● **TASK ITEM**
Give back each record precisely, pictures excluded.

(Stored entries)

○ ○ ○ ○ ○ ○ ○

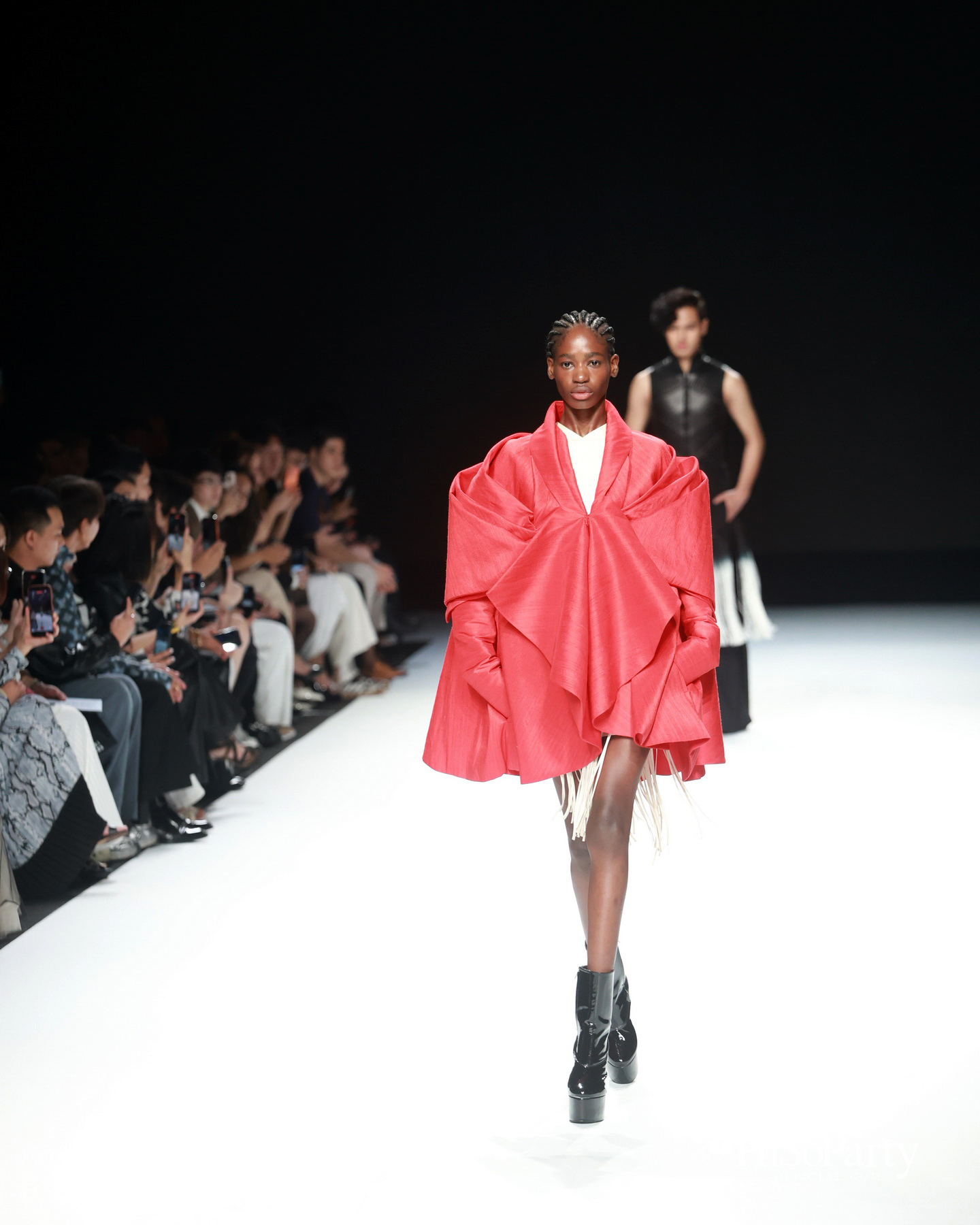 THEATRE @ELLE FASHION WEEK 2025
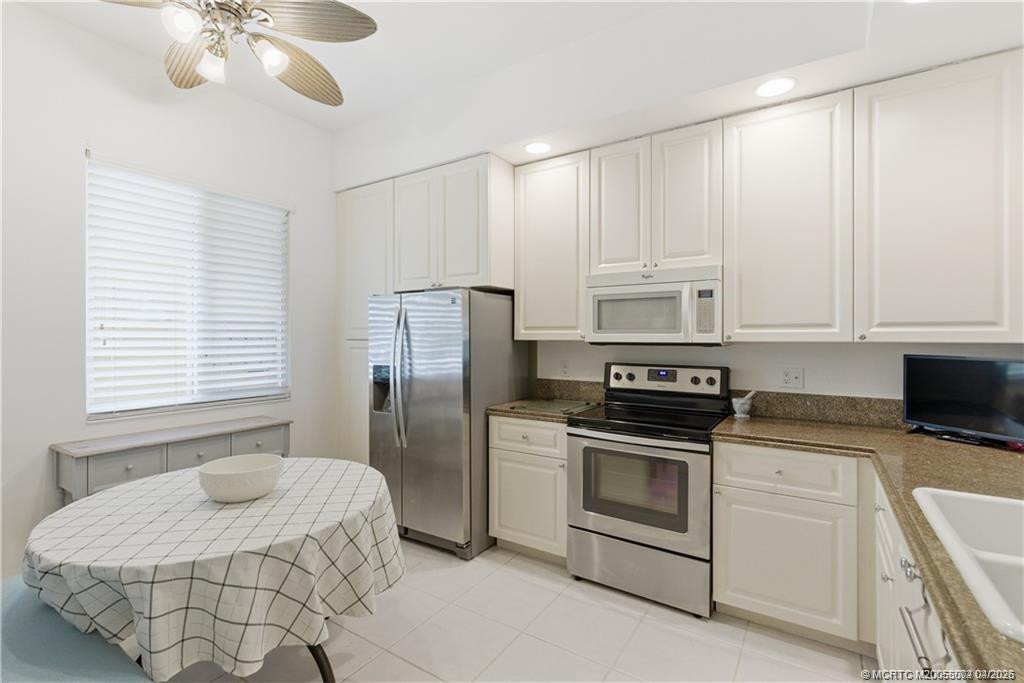 Photo 5 at 1 Harbour Isle Drive 104, Fort Pierce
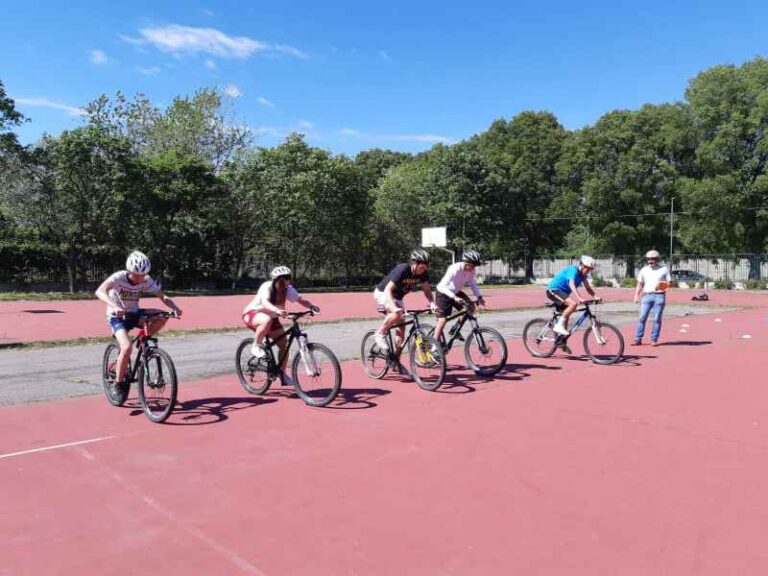 Mauntain bike a scuola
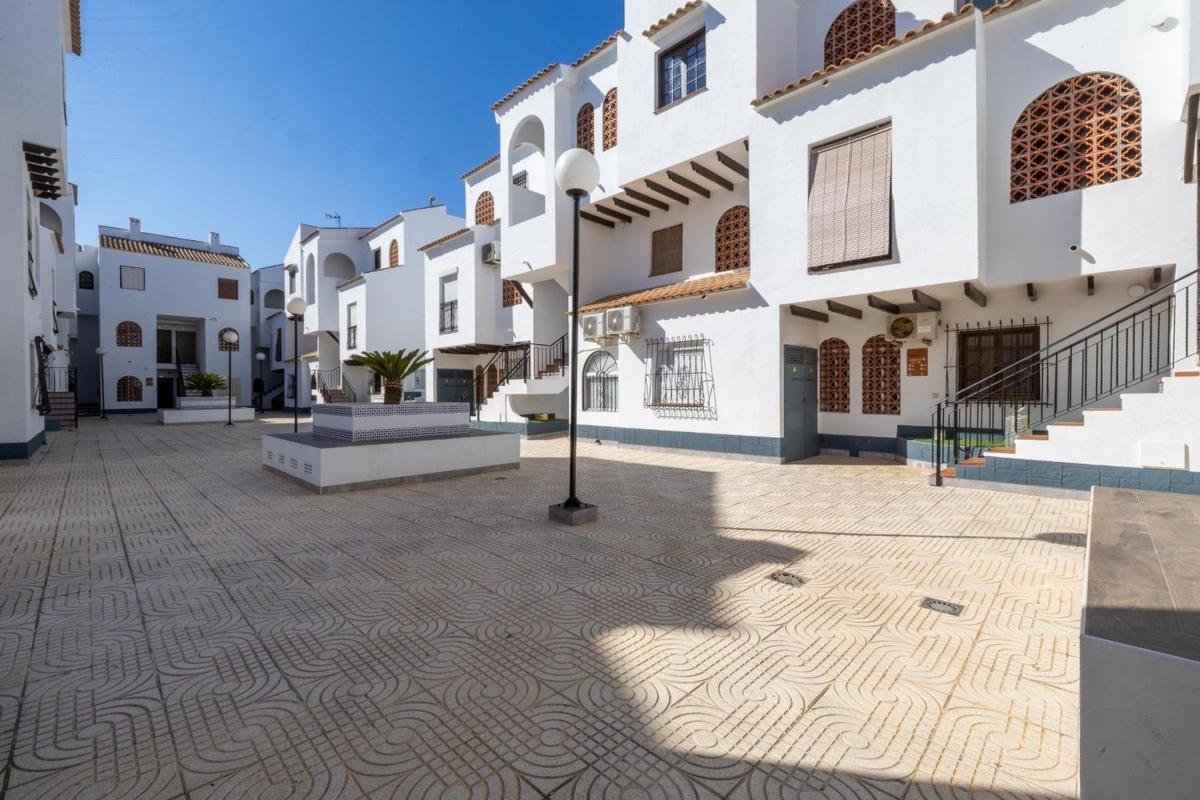 Продажа квартиры на Piso en Calle Montesinos, Playa de los Náufragos, Torrevieja, Торревьеха
photo 5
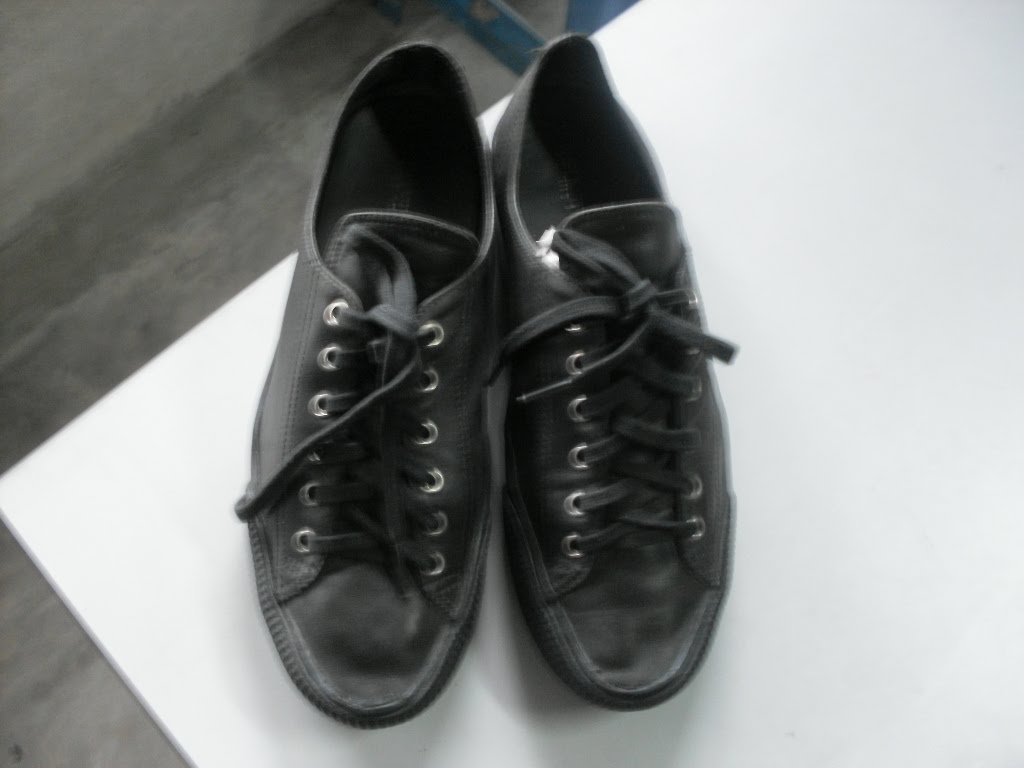 KEDAI BAJU GUNIIIII HELMUT LANG SHOES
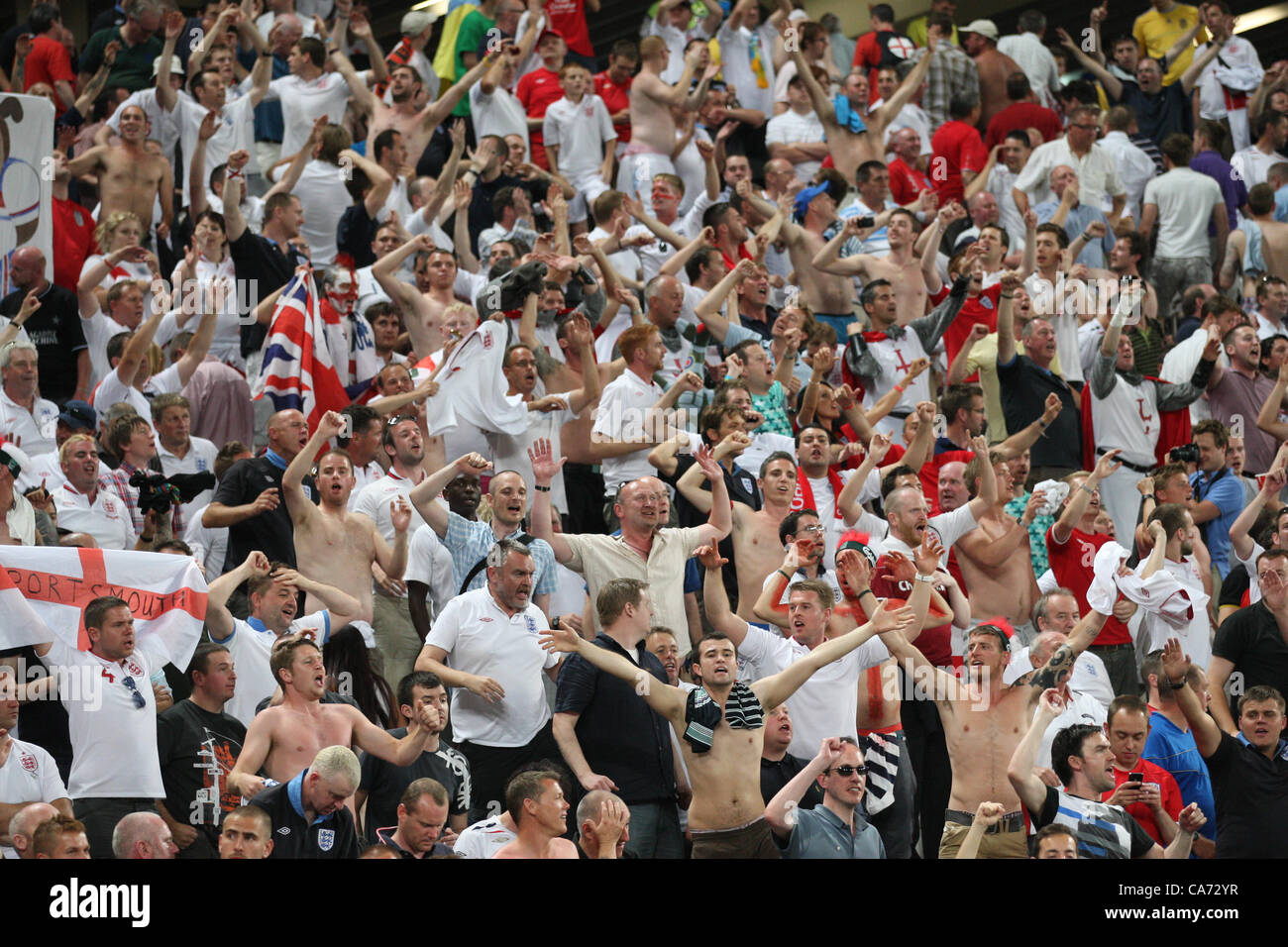 L'ANGLETERRE SUR DES FANS de sifflet final l'Angleterre v l'UKRAINE EURO 2012 UKRAINE UKRAINE DONETSK DONBASS ARENA 19 Juin 2012 Banque D'Images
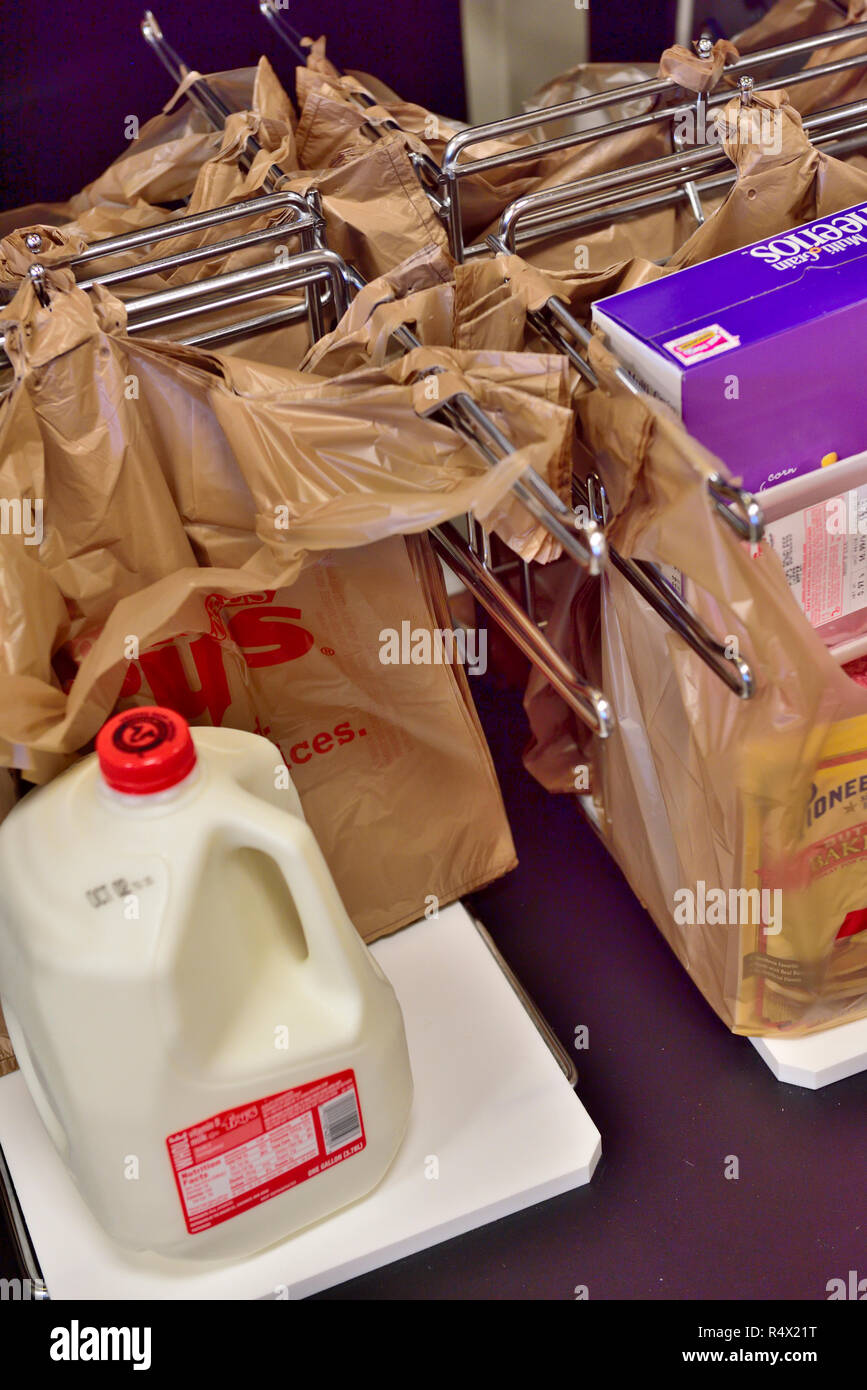 L'ensachage de nourriture à American, Fry's, supermarché commander sacs en plastique Banque D'Images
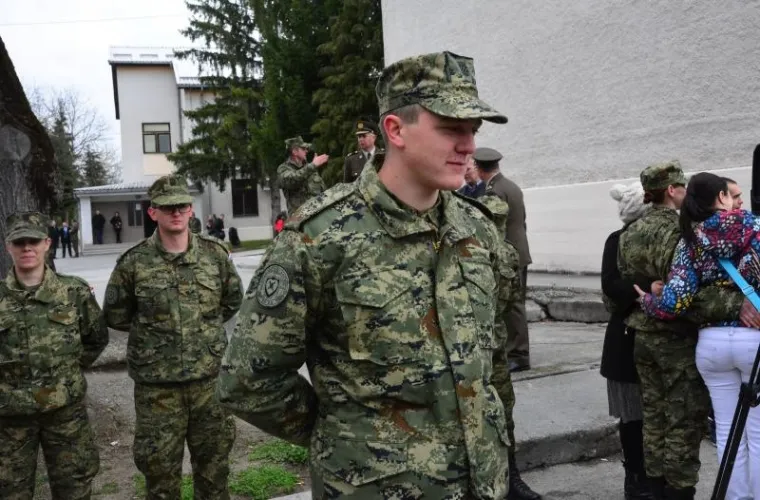 &Scaron;EFICA DRŽAVE S ORUŽJEM: U Požegi prisegnuli ročnici, Kolinda isprobavala pu&scaron;ke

○ ○ ○ ○ ○ ○ ○

● **OUTPUT OF THE TASK**
 THEATRE @ELLE FASHION WEEK 2025
 Photo 5 at 1 Harbour Isle Drive 104, Fort Pierce
 Mauntain bike a scuola
 Продажа квартиры на Piso en Calle Montesinos, Playa de los Náufragos, Torrevieja, Торревьеха
photo 5
 KEDAI BAJU GUNIIIII HELMUT LANG SHOES
 L'ANGLETERRE SUR DES FANS de sifflet final l'Angleterre v l'UKRAINE EURO 2012 UKRAINE UKRAINE DONETSK DONBASS ARENA 19 Juin 2012 Banque D'Images
 L'ensachage de nourriture à American, Fry's, supermarché commander sacs en plastique Banque D'Images
 &Scaron;EFICA DRŽAVE S ORUŽJEM: U Požegi prisegnuli ročnici, Kolinda isprobavala pu&scaron;ke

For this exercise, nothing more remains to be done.